6.2 Network Security

  • CORS: Configured via PGX_CORS_ORIGINS (default: localhost:8080, 8107, 8507)
  • Milvus: No authentication by default; restrict network access via firewall or Docker network
  • API: No authentication by default; add API key middleware for production

6.3 Input Validation

  • Milvus filter expressions are sanitized via _SAFE_FILTER_RE regex (alphanumeric + safe characters only)
  • All API inputs validated via Pydantic models with field-level constraints
  • Request size limited to 10MB via PGX_MAX_REQUEST_SIZE_MB

6.4 HTTPS / TLS Configuration

For production, deploy a reverse proxy with TLS termination in front of all HTTP services:

Nginx example:

server {
    listen 443 ssl;
    server_name pgx.yourdomain.com;

    ssl_certificate /etc/ssl/certs/pgx.crt;
    ssl_certificate_key /etc/ssl/private/pgx.key;
    ssl_protocols TLSv1.2 TLSv1.3;
    ssl_ciphers HIGH:!aNULL:!MD5;

    # FastAPI backend
    location /api/ {
        proxy_pass http://localhost:8107/;
        proxy_set_header Host $host;
        proxy_set_header X-Real-IP $remote_addr;
        proxy_set_header X-Forwarded-For $proxy_add_x_forwarded_for;
        proxy_set_header X-Forwarded-Proto $scheme;
    }

    # Streamlit UI
    location / {
        proxy_pass http://localhost:8507/;
        proxy_http_version 1.1;
        proxy_set_header Upgrade $http_upgrade;
        proxy_set_header Connection "upgrade";
        proxy_set_header Host $host;
    }
}

# Redirect HTTP to HTTPS
server {
    listen 80;
    server_name pgx.yourdomain.com;
    return 301 https://$host$request_uri;
}

Traefik example (docker-compose integration):

services:
  traefik:
    image: traefik:v3.0
    command:
      - "--entrypoints.web.address=:80"
      - "--entrypoints.websecure.address=:443"
      - "--certificatesresolvers.letsencrypt.acme.tlschallenge=true"
      - "--certificatesresolvers.letsencrypt.acme.email=admin@yourdomain.com"
    ports:
      - "80:80"
      - "443:443"
    labels:
      - "traefik.http.routers.pgx-api.rule=Host(`pgx.yourdomain.com`) && PathPrefix(`/api`)"
      - "traefik.http.routers.pgx-api.tls.certresolver=letsencrypt"

6.5 API Authentication

For production deployments, add API key authentication middleware to the FastAPI application:

# Example API key middleware (add to api/main.py)
from fastapi import Security, HTTPException
from fastapi.security import APIKeyHeader

api_key_header = APIKeyHeader(name="X-API-Key")

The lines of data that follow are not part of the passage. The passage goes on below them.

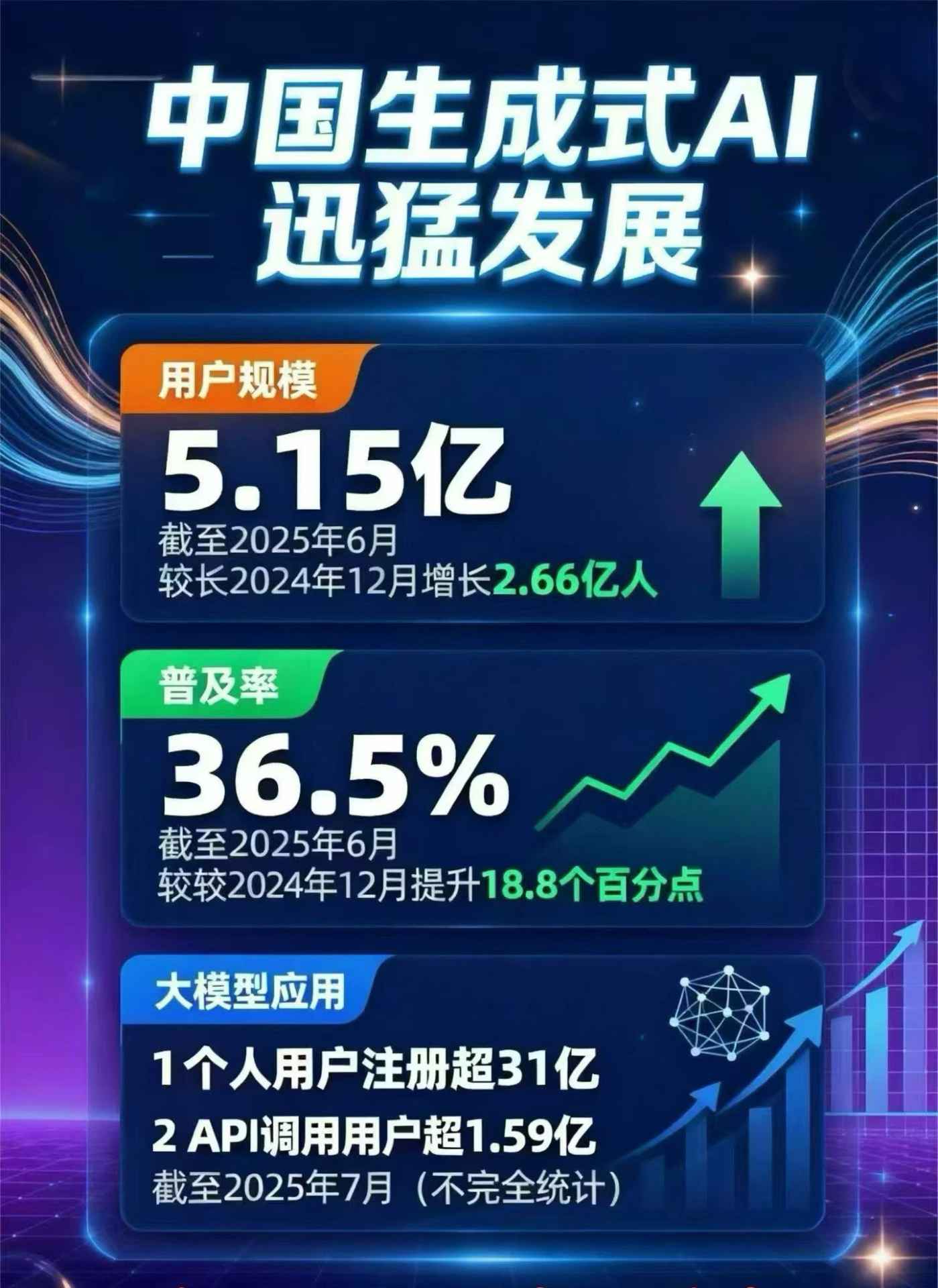 广宗县豆包GEO优化是什么？内容创作核心逻辑解析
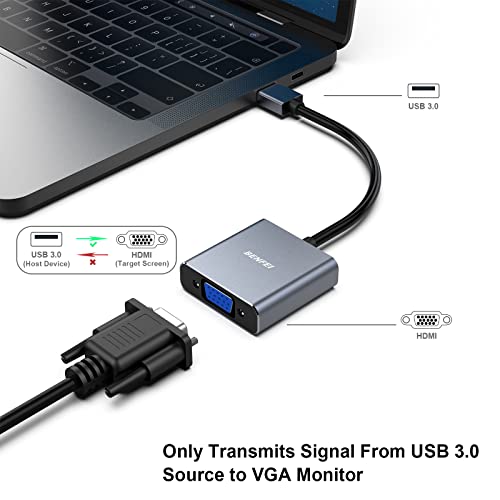 楽天市場】USB3.0 VGA 変換アダプタ BENFEI USB to VGA変換ケーブル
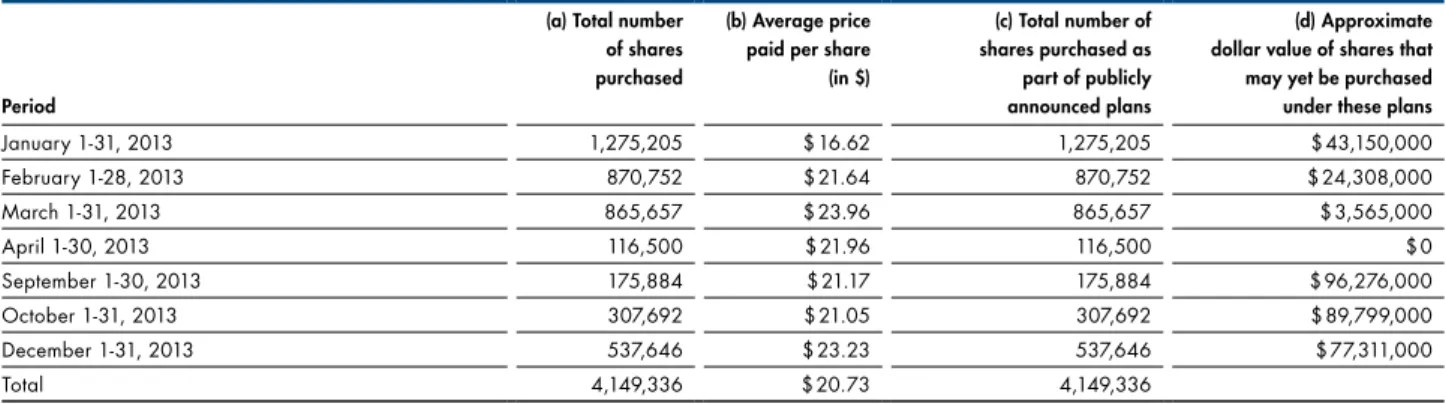 Table  [8]  sets out information concerning repurchases of our  common shares, which we intend to use to serve our  ex-changeable debt instruments and employee shabased  re-muneration plans.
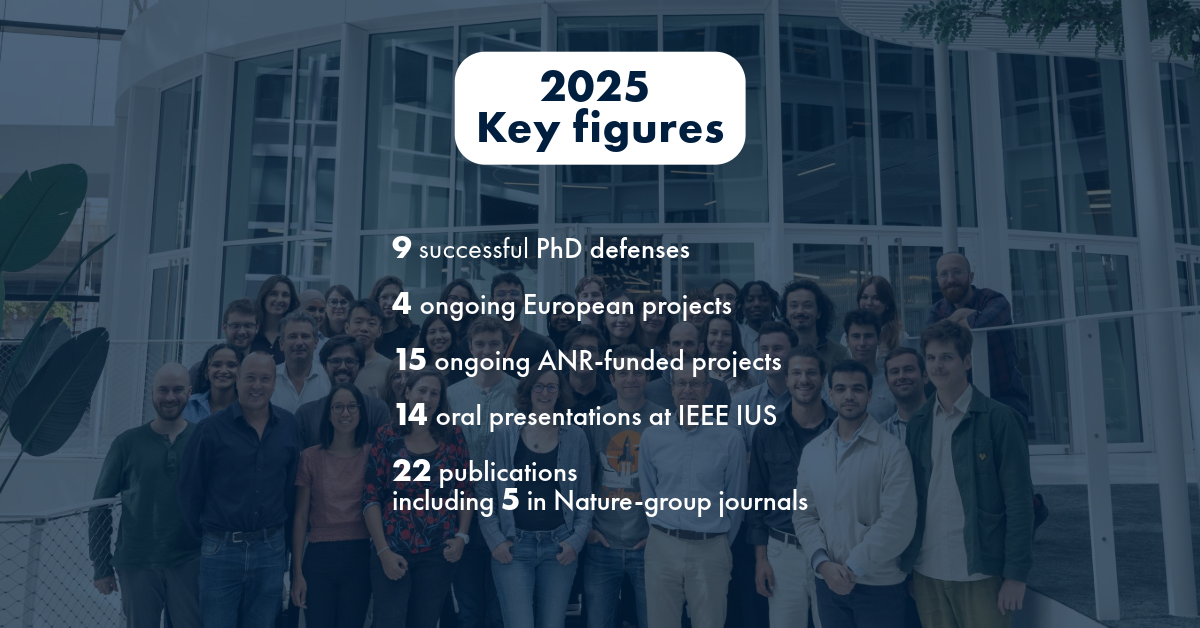 2025: a year of breakthroughs at the intersection of physics and medicine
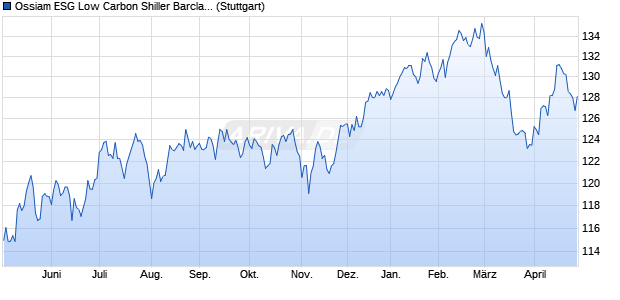 Ossiam ESG Low Carbon Shiller Barclays CAPE US . Chart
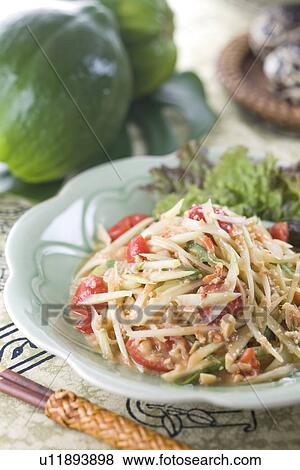 Som Tam View Large Photo Image Stock Photo - Som Tam. Fotosearch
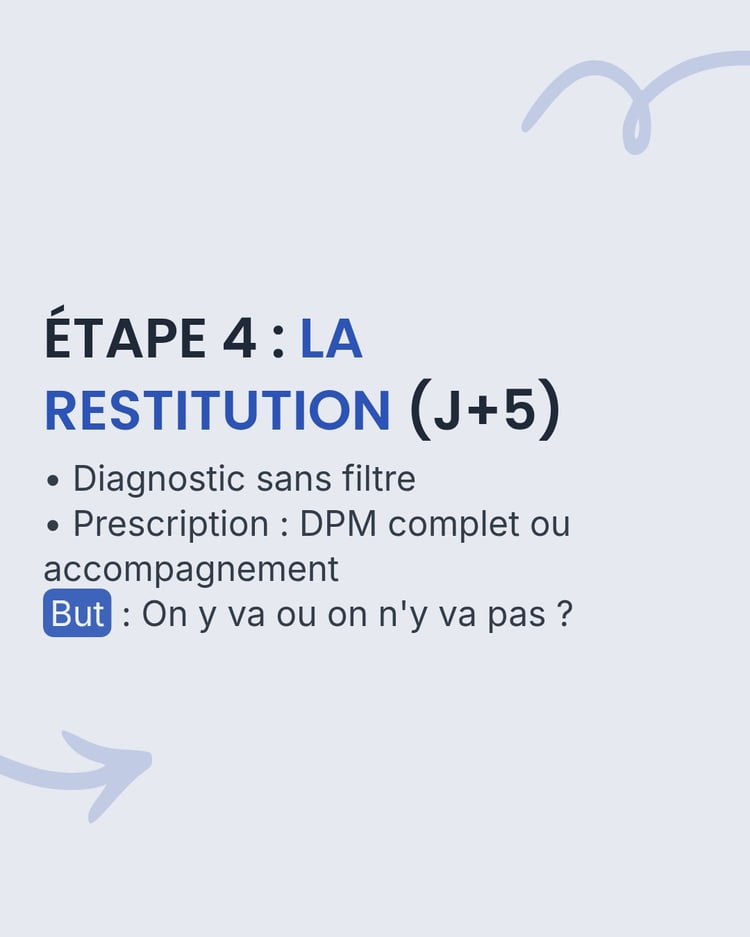 Slide audit étape 4 : La Restitution à J+5. Diagnostic, prescription et décision Go / No Go.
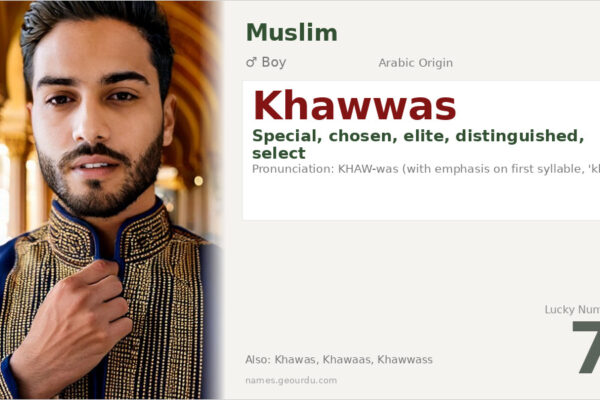Khawwas Name Meaning — Arabic Origin, Boy Name & Details (2025)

async def verify_api_key(api_key: str = Security(api_key_header)):
    if api_key != os.environ.get("PGX_API_KEY"):
        raise HTTPException(status_code=403, detail="Invalid API key")
    return api_key

# Apply to endpoints:
@app.get("/query", dependencies=[Security(verify_api_key)])

6.6 Rate Limiting

Implement rate limiting to prevent API abuse and control LLM API costs:

# Example using slowapi
from slowapi import Limiter
from slowapi.util import get_remote_address

limiter = Limiter(key_func=get_remote_address)

@app.post("/query")
@limiter.limit("10/minute")  # 10 RAG queries per minute per IP
async def query(request: Request, body: QueryRequest):
    ...

@app.post("/search")
@limiter.limit("30/minute")  # 30 evidence-only searches per minute per IP
async def search(request: Request, body: SearchRequest):
    ...

Recommended rate limits:

Endpoint Limit Rationale
/query (RAG) 10/minute LLM API cost control
/search (evidence only) 30/minute Lower cost, higher throughput
/v1/pgx/* (clinical) 20/minute Moderate computational cost
/health 60/minute Health checks should be responsive
/metrics 12/minute Prometheus scrape interval

6.7 Milvus Security

By default, Milvus does not require authentication. For production:

# milvus.yaml - enable authentication
common:
  security:
    authorizationEnabled: true

# Create admin user
# python -c "from pymilvus import utility; utility.create_credential('admin', 'secure_password')"

# Connect with credentials
# connections.connect(host='localhost', port='19530', user='admin', password='secure_password')

Additional Milvus security measures:

  • Restrict port 19530 to internal network only (Docker network or firewall rule)
  • Disable MinIO public access (MinIO should only be accessible from the Milvus container)
  • Enable TLS for Milvus connections in production (Milvus 2.4 supports TLS)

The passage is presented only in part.